Aku tak kuasa menahan air mataku, menangisi kebodohanku untuk bisa bertahan selama 2 tahun bersamanya. Tiba-tiba aku teringat kata Dimas: kok Lo tahan sih Ren, pacaran sama es batu. Udah keras, dingin, gak pernah perhatian sama lo! Atau kalimatnya yang ini: jangan-jangan dia macarin lo cuma butuh status aja. Atau yang satu ini: workaholic apa Renaphobia sih, si Samy itu?
“Paling tidak lo lebih sensitif mengerti permasalahan gue sekarang, dukung gue supaya kuat dihadapan mama. Bukan seperti ini. Bertemu setelah gue merengek minta ketemuan”.

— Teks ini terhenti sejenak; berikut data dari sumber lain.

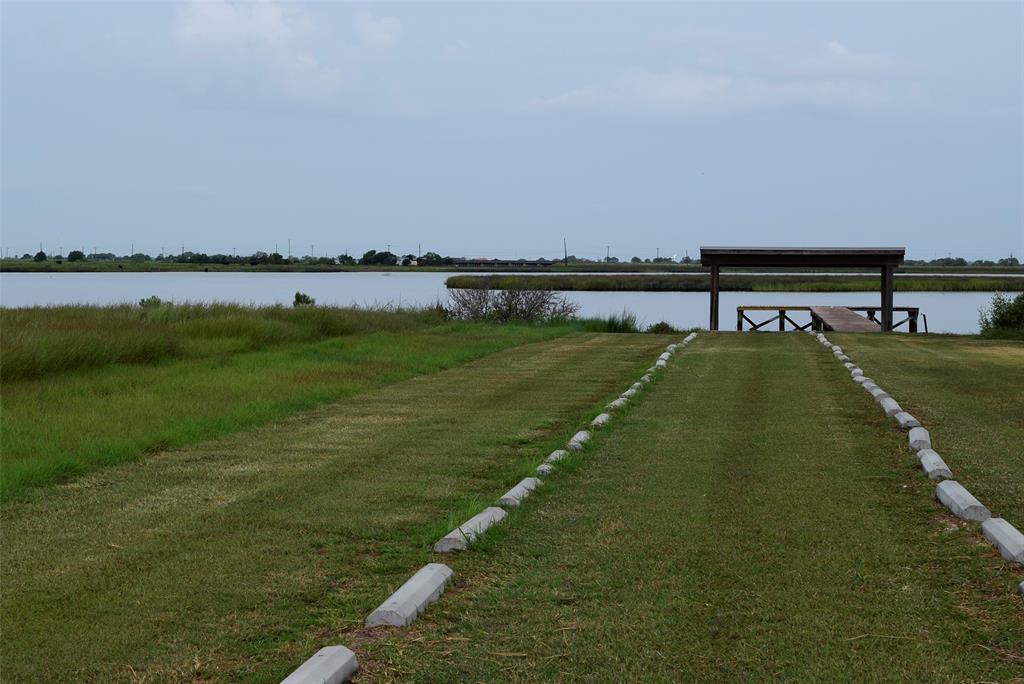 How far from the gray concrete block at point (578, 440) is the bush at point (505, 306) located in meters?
22.5

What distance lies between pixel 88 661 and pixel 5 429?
5586mm

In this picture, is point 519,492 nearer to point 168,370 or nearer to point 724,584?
point 724,584

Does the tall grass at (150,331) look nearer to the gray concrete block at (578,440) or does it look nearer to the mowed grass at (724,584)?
the gray concrete block at (578,440)

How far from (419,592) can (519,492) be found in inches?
82.5

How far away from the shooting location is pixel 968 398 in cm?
1175

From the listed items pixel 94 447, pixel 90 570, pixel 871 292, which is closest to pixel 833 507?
pixel 90 570

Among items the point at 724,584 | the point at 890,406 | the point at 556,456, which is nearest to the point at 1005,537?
the point at 724,584

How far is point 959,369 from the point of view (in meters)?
15.2

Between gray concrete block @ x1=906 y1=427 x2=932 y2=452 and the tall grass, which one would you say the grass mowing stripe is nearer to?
the tall grass

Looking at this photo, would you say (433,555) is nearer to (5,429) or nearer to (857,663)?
(857,663)

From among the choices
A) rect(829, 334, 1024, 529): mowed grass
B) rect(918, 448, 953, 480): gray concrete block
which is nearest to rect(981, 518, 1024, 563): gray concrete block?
rect(829, 334, 1024, 529): mowed grass

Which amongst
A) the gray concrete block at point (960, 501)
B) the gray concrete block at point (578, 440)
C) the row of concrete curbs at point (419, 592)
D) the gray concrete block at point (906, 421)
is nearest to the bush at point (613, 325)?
the gray concrete block at point (906, 421)

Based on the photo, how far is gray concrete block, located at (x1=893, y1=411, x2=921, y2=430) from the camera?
932 cm

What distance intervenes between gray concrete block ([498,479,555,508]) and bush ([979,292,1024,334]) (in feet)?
66.3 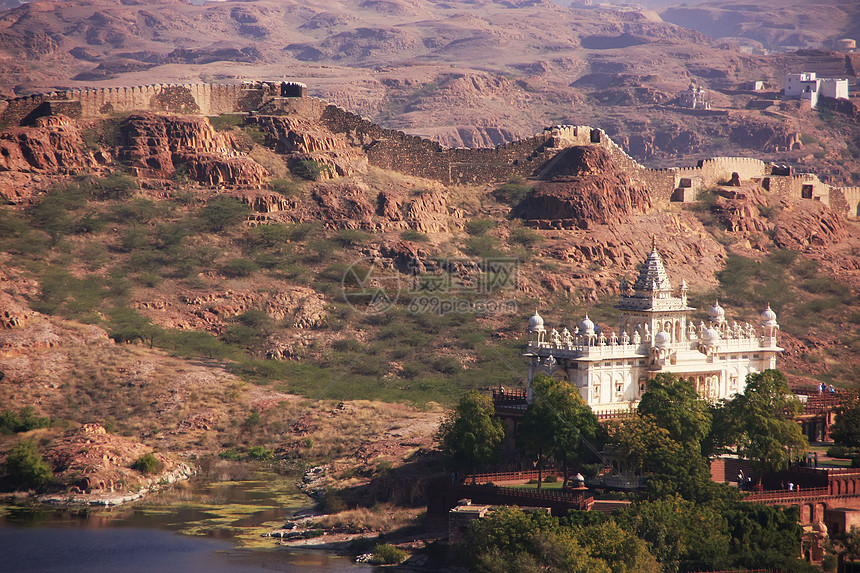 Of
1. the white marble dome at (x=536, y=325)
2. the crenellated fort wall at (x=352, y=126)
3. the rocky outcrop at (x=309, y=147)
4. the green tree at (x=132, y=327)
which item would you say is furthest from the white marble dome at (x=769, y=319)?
the rocky outcrop at (x=309, y=147)

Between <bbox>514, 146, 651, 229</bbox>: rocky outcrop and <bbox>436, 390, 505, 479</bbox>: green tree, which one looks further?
<bbox>514, 146, 651, 229</bbox>: rocky outcrop

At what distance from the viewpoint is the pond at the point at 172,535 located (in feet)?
222

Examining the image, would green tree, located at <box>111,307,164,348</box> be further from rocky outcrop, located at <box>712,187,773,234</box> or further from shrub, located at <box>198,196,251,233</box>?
rocky outcrop, located at <box>712,187,773,234</box>

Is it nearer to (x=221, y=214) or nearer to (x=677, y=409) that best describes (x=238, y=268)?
(x=221, y=214)

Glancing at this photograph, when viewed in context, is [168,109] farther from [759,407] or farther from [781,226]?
[759,407]

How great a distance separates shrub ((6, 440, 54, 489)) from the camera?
7962cm

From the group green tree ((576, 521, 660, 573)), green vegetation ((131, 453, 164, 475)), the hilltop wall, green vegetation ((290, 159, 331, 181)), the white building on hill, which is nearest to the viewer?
green tree ((576, 521, 660, 573))

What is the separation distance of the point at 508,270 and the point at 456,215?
780 cm

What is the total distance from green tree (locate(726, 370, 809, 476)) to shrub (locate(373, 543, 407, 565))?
15.6m

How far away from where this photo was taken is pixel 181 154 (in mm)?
109938

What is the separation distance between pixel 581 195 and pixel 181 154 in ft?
90.3

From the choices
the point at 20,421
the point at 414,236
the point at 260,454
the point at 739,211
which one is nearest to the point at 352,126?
the point at 414,236

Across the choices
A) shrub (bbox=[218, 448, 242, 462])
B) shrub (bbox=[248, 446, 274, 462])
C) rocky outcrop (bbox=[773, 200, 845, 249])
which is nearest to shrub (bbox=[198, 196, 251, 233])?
shrub (bbox=[218, 448, 242, 462])

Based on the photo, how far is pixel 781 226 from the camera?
126 meters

“Lantas gue harus gimana? Harus ikut menangis dan meratapi takdir kaya’ elo? Dewasa dong, Ren! Hidup harus tetap berjalan” Samy menyalakan rokoknya, menghirupnya dalam-dalam. Aku benci pemandangan ini, asap rokok.
Hidup memang harus terus berjalan Sam, dengan atau tanpa kamu.

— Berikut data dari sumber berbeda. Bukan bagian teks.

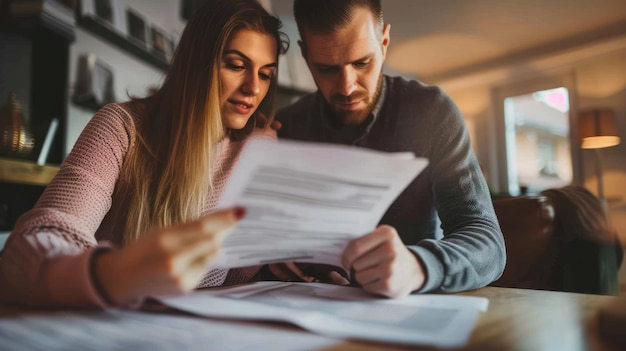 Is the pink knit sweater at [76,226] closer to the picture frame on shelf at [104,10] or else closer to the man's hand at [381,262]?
the man's hand at [381,262]

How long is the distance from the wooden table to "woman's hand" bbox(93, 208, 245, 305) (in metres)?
0.03

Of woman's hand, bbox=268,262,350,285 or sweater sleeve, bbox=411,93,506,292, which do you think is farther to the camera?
woman's hand, bbox=268,262,350,285

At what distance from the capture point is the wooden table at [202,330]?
1.11ft

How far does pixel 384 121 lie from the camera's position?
106 centimetres

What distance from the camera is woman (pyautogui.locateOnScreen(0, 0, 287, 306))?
1.32ft

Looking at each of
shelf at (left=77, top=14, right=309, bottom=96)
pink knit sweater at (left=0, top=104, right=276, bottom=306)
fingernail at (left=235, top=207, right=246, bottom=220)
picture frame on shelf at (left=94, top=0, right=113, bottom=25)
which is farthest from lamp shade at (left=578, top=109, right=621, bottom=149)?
fingernail at (left=235, top=207, right=246, bottom=220)

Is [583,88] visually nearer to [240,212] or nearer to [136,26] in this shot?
[136,26]

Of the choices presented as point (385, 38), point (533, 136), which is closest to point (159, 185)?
point (385, 38)

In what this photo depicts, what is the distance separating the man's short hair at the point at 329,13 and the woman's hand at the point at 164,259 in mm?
679

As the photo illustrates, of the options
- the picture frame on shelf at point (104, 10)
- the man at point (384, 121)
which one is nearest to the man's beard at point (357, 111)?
the man at point (384, 121)

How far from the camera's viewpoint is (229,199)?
421mm

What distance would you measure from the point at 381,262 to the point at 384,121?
1.98 feet

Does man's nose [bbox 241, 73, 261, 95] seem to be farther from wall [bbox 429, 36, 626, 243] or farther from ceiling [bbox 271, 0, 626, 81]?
wall [bbox 429, 36, 626, 243]

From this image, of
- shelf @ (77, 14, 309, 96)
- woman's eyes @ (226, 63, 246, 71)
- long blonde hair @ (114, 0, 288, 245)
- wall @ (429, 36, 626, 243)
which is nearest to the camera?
long blonde hair @ (114, 0, 288, 245) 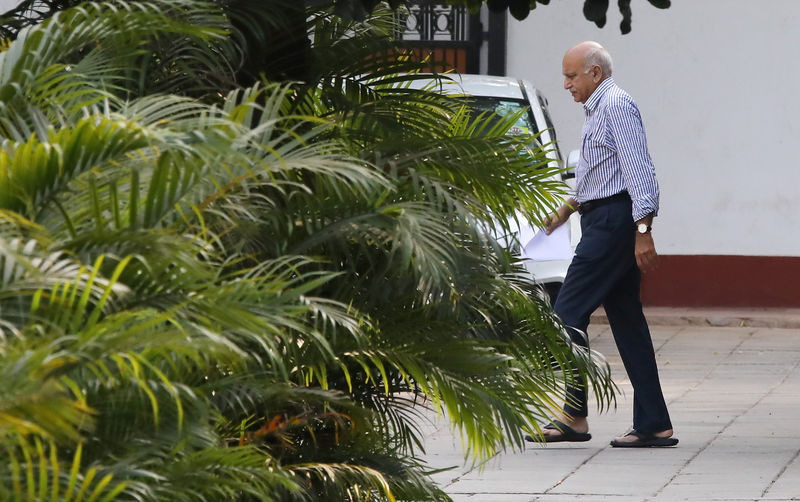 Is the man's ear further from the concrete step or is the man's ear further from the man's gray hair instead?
the concrete step

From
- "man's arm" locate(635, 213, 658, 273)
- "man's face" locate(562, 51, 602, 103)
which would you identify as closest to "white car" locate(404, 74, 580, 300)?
"man's face" locate(562, 51, 602, 103)

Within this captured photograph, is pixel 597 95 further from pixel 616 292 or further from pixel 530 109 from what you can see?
pixel 530 109

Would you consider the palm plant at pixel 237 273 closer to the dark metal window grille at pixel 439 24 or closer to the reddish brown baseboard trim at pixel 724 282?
the reddish brown baseboard trim at pixel 724 282

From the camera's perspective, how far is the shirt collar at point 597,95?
6.89m

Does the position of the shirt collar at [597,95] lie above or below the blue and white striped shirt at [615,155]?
above

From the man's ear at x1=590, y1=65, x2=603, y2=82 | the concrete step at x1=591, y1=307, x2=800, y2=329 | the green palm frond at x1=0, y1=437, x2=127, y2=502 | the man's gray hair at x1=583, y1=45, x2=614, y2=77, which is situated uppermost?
the green palm frond at x1=0, y1=437, x2=127, y2=502

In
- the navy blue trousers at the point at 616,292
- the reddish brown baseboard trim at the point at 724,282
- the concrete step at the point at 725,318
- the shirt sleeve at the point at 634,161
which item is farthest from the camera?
the reddish brown baseboard trim at the point at 724,282

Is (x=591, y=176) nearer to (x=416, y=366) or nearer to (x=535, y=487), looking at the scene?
(x=535, y=487)

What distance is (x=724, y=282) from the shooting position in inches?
497

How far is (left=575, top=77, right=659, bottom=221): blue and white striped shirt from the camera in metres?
6.63

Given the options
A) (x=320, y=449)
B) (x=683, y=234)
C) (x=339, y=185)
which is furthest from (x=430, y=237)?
(x=683, y=234)

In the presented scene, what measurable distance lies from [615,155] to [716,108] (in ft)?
20.6

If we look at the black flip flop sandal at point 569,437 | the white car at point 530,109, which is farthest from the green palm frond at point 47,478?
the white car at point 530,109

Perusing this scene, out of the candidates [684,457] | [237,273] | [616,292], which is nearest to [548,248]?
[616,292] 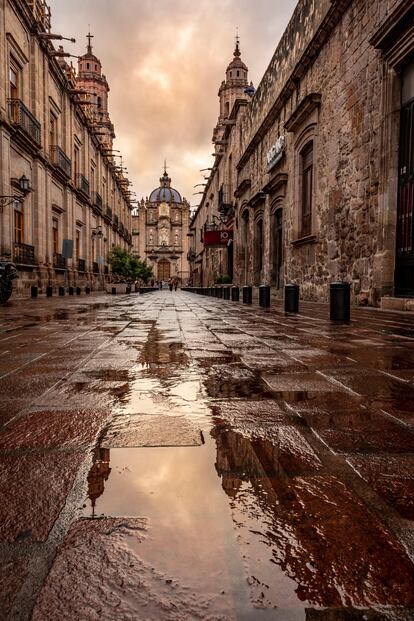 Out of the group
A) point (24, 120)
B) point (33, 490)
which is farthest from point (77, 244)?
point (33, 490)

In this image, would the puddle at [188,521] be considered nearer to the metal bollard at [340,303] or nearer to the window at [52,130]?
the metal bollard at [340,303]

“ada kabar yang perlu lo tahu, walau gue gak yakin hal ini penting atau gak buat lo. Dimas meninggal bukan karena serangan jantung, tapi.. ah, sudahlah!”. Kutahan kalimatku untuk memberitahu Samy tentang kematian Dimas karena menurutku ini tidak akan penting buat Samy. Aku masih mencoba agar Samy merasakan himpitan hatiku namun sepertinya percuma.

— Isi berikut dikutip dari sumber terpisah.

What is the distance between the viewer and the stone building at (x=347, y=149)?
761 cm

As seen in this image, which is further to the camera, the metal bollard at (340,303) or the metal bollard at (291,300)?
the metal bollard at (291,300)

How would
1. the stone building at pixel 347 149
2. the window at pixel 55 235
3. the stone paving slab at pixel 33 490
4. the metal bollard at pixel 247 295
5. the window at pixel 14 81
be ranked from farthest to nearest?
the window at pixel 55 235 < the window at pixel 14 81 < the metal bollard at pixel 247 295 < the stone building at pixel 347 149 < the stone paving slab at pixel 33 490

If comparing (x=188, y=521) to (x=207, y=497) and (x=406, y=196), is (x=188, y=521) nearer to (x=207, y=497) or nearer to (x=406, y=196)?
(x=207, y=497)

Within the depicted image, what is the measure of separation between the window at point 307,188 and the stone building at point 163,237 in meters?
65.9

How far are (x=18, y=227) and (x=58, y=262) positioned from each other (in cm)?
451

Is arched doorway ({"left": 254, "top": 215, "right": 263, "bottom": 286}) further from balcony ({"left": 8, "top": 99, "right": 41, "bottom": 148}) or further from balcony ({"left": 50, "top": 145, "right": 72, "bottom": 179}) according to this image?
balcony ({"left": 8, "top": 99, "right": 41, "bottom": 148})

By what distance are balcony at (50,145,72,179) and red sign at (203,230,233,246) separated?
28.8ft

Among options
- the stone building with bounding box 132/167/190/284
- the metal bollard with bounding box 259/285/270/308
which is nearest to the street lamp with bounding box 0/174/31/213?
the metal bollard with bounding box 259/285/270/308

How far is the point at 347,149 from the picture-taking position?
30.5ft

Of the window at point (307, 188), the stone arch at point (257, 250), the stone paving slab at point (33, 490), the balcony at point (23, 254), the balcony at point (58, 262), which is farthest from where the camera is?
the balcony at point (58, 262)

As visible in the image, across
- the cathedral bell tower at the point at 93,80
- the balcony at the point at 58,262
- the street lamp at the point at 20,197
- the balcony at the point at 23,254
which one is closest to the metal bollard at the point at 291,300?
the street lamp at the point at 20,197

Kulambaikan tanganku ke arah pelayan tanda ingin mengakhiri pertemuan kami dengan membayar minuman yang kupesan.
“Lo mau kemana, Ren?”
“Seperti yang lo bilang, kita sudah dewasa. Tidak akan masalah bila mulai saat ini kita urusi urusan kita sendiri-sendiri”, aku beranjak pergi setelah menaruh beberapa rupiah di meja.
“Lo minta putus? Lo nyuruh gue datang kesini Cuma buat ngomong itu?” Tangannya menggenggam pergelangan tanganku. Aku ingin mengatakan bahwa awalnya aku ingin mengemis perhatian darinya, mengingatkan bahwa aku ini kekasihnya. Namun memperlihatkan bahwa aku kecewa bukan hal yang tepat.
“Gue gak mau aja ngrepotin lo lebih sering, Sam” jawabku sambil melepaskan genggamannya.
---------------------------------------------------------
Kuluncurkan mobilku pulang ke arah puncak dengan kecepatan tinggi. Namun percuma, weekend seperti ini puncak selalu dipenuhi orang-orang yang menghabiskan liburan untuk berkumpul bersama keluarga, sahabat, atau pacar. Berpaling sejenak dari kesibukan bekerja. Begitu juga aku saat ini. Sangat ingin melupakan kejadian yang telah kualami, berharap ini hanya mimpi.
Macet tak terhingga memadati jalur puncak, padat merayap. Seperti kehidupanku saat ini, terasa berjalan begitu lambat. Lengkap sudah penderitaanku. Papa meninggal, selang beberapa bulan disusul Dimas! Dan hari ini aku putus dengan Samy. Tapi sungguh, aku tak menyesali kejadian yang terakhir ini. Pacaran atau tidak dengannya, bagiku tidak ada bedanya. Aku harus fokus pada keluarga dan bisnisku.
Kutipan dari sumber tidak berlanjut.